If you happen to have a jar of pasilla powder sitting in your kitchen, then you’ve found another ideal substitute for ancho chili powder. Pasilla powder is made from dried and crushed chilaca peppers, and the dark color is the main contributor to the name of this powdered spice. Like poblanos, chilaca peppers are also mildly hot, so pasilla powder can pass as an easy substitute in any recipe. And you can substitute equal amounts of pasilla powder for ancho chili powder in recipes that call for it and still get that unique Mexican effect since pasilla powder is also a popular spice from the region.
Guajillo powder is also a great alternative to ancho chili powder, especially if you’re looking for that special and exotic Mexicana feel in the recipe. Like ancho chili powder, guajillo powder is just as popular and is a familiar flavor in Mexican recipes and dishes. Guajillo powder is made from dried and crushed guajillo peppers and is slightly hotter. But it’s a great equal quantity substitute for ancho chili powder, especially in recipes that thrive on more spiciness. Plus, guajillo pepper is sweeter than ancho, so you can expect a more delicious flavor to blend with heat, especially in tomato-based recipes and sauces.
Chipotle powder is already a popular contender in the spice market and is known by chefs and food enthusiasts worldwide. And like ancho, it originates from Mexico, so it’s a common flavor in the region’s cuisine. Chipotle powder is made from smoke-dried and crushed jalapeños, so you must take note of the smoky taste, as it may surface in some recipes. For dishes that don’t need it, use chipotle powder made from Morita jalapeños. Those made from Meco jalapeños are best for dishes that benefit from extra smokiness in the ingredients. Also, the chipotle powder is hotter, so a base measurement to start from is to substitute half the requirement for anchor chili powder and then adjust to taste.

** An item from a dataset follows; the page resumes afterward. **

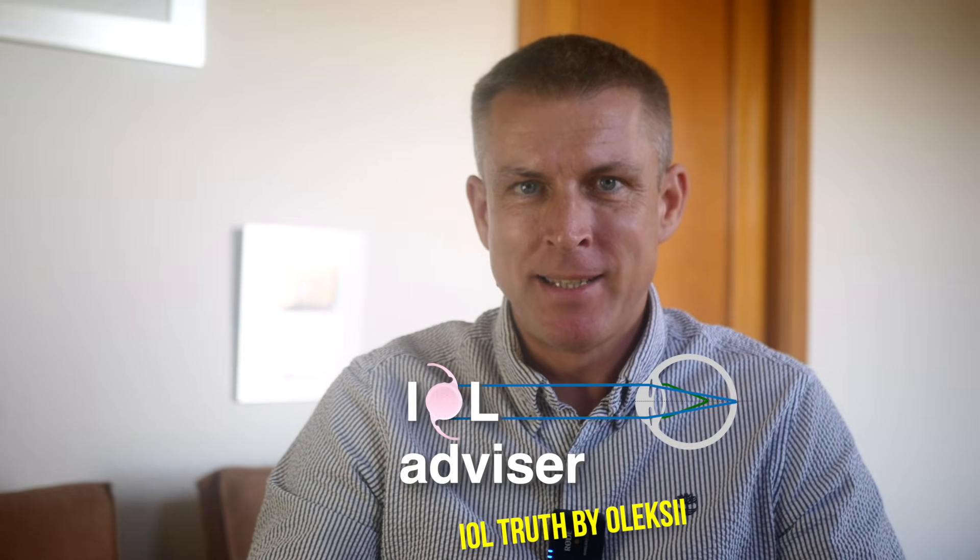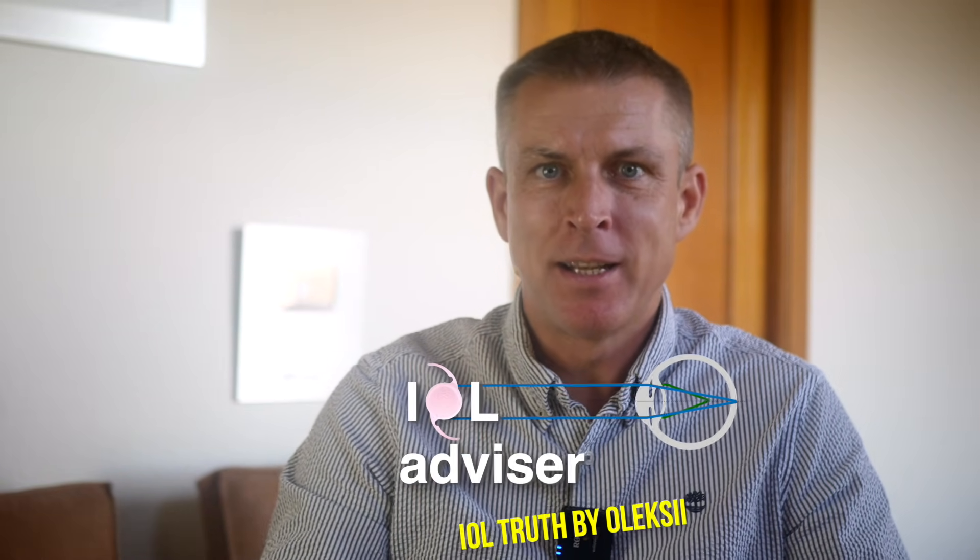Hi there, my name is Alexei and you are at ioladvisor.com, telling the truth about IOLs. Last week I gave a short lecture at the ophthalmic congress in Ukraine, and that's why I decided to share my findings with you — what I discovered whilst preparing for that congress. What I realized makes me absolutely rethink the way we communicate with patients. I believe I am obliged to share this, especially if you are a doctor, or if you are a patient talking to a doctor about visual outcomes after surgery.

Another trendy spice synonymous with Mexican cuisine, Chile de Arbol, makes a decent substitute for ancho chili powder. Like ancho, it offers a hint of smokiness, making it perfect for recipes that require both that and extra hotness. But Chile de Arbol is much hotter than ancho chili powder, so unless you’re looking for extra spiciness or heat, the best way to substitute is to apply half the requirement first. Afterward, you can increase the addition of pinches till you reach your desired taste.
Frequently Asked Questions (FAQs)
What’s the difference between ancho chili powder and regular chili powder?
Regular chili powder comprises ground chili pepper, like paprika and/or cayenne, and other ground spices, like onion and garlic. But anchor chili powder is made specifically from smoke-dried and crushed poblano peppers. Also, ancho chili powder is hotter than regular chili powder.
Are poblano and ancho peppers the same?
Ancho peppers or ancho chile peppers are simply poblano peppers that have been smoke-dried. The dried poblano chiles are then renamed ancho chile, from the Spanish word meaning ‘wide.’ When grounded, the dark, spicy powder is called anchor chile powder.
Can I substitute Mulato pepper powder for ancho chili powder?
Yes, you can, in some cases. Mulato pepper is one of the most popular Mexican spices available, and when made into powdered form, carries the same smoky properties as the rest. But Mulato pepper powder isn’t as hot as ancho chili powder, so you may need more than the recipe calls for the latter.
With any of these great substitutes, you can always find a replacement for ancho chili powder in recipes that call for it. The key to creating great dishes is observation, so take the time to practice more with these options in place of ancho chili powder. And if you perfect how to substitute these options for ancho chili powder, you may just be on your way to inventing better methods of preparing your favorite Mexican dishes.